Pasar Lambaro, kebetulan, terletak di sebuah persimpangan yang memiliki dua cabang jalan di sisi kirinya. Satu jalan simpang ke kiri yang tembus ke jalan raya Darul Imarah arah ke TVRI. Sedang simpang kiri satu lagi, sedikit menyerong, dan di ujungnya berputar kembali ke jalan raya Banda Aceh-Medan.

Di sebalah sisi kanan jalan itu berdiri ruko- ruko, yang kebanyakan merupakan toko kelontong, rumah makan. Ada juga yang menjual mebel, tempat pencucian foto, dan juga toko yang menjual perlengakapan rumah tangga.

Hari sudah menjelang sore. Kehidupan belum sepenuhnya normal. Hujan deras hampir merata di seluruh kota. Dalam perjalanan dari Kota ke Lambaro, hujan turun dengan sangat deras. Jarak pandang hanya sekitar sepuluh meter. Maka, tak urung jalanan di Pasar Lambaro, sisi simpang kedua-duanya, sangat becek. Jalanan yang hanya sekitar dua meter itu pun harus dipadati dengan becak motor serta orang-orang yang berlalu lalang hendak belanja.
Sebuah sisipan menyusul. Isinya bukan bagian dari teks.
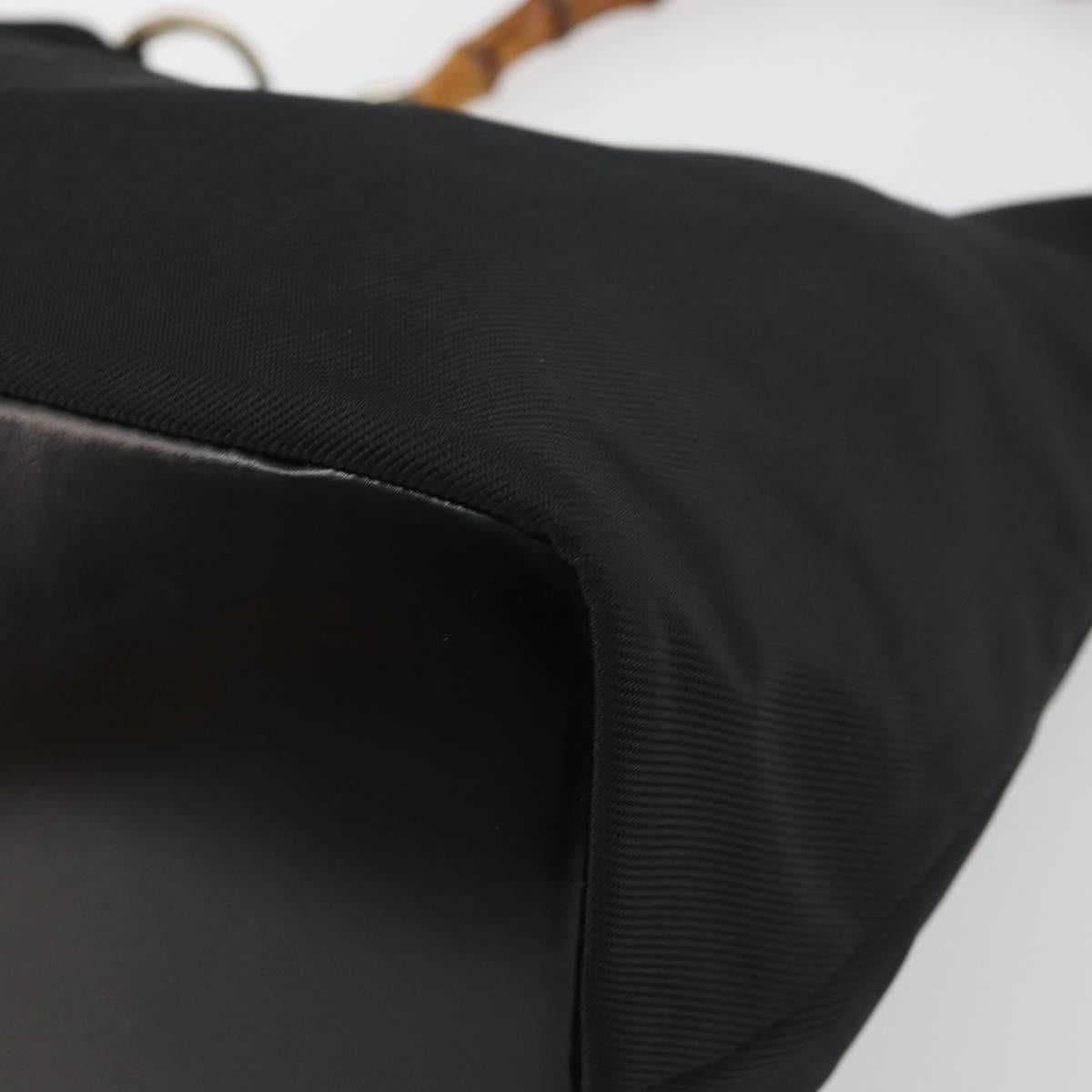 GUCCI Bamboo Hand Bag Nylon Black Silver Auth ep15413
Sementara, para tentara dan polisi terlihat hampir di banyak tempat, di halaman-halaman ruko sisi kanan jalan raya Banda Aceh-Medan itu.

Tetapi geliat pasar di Aceh Besar itu sudah terasa ramai. Di sepanjang jalan simpang sekitar satu kilo ke arah utara ada banyak lapak-lapak penjual di sisi kiri dan kanan. Sayur-mayur sudah nampak banyak. Kentang, wortel, tomat, bawah merah, cabal. Hampir semuanya sudah bisa tersedia. Begitu juga seledri dan kol.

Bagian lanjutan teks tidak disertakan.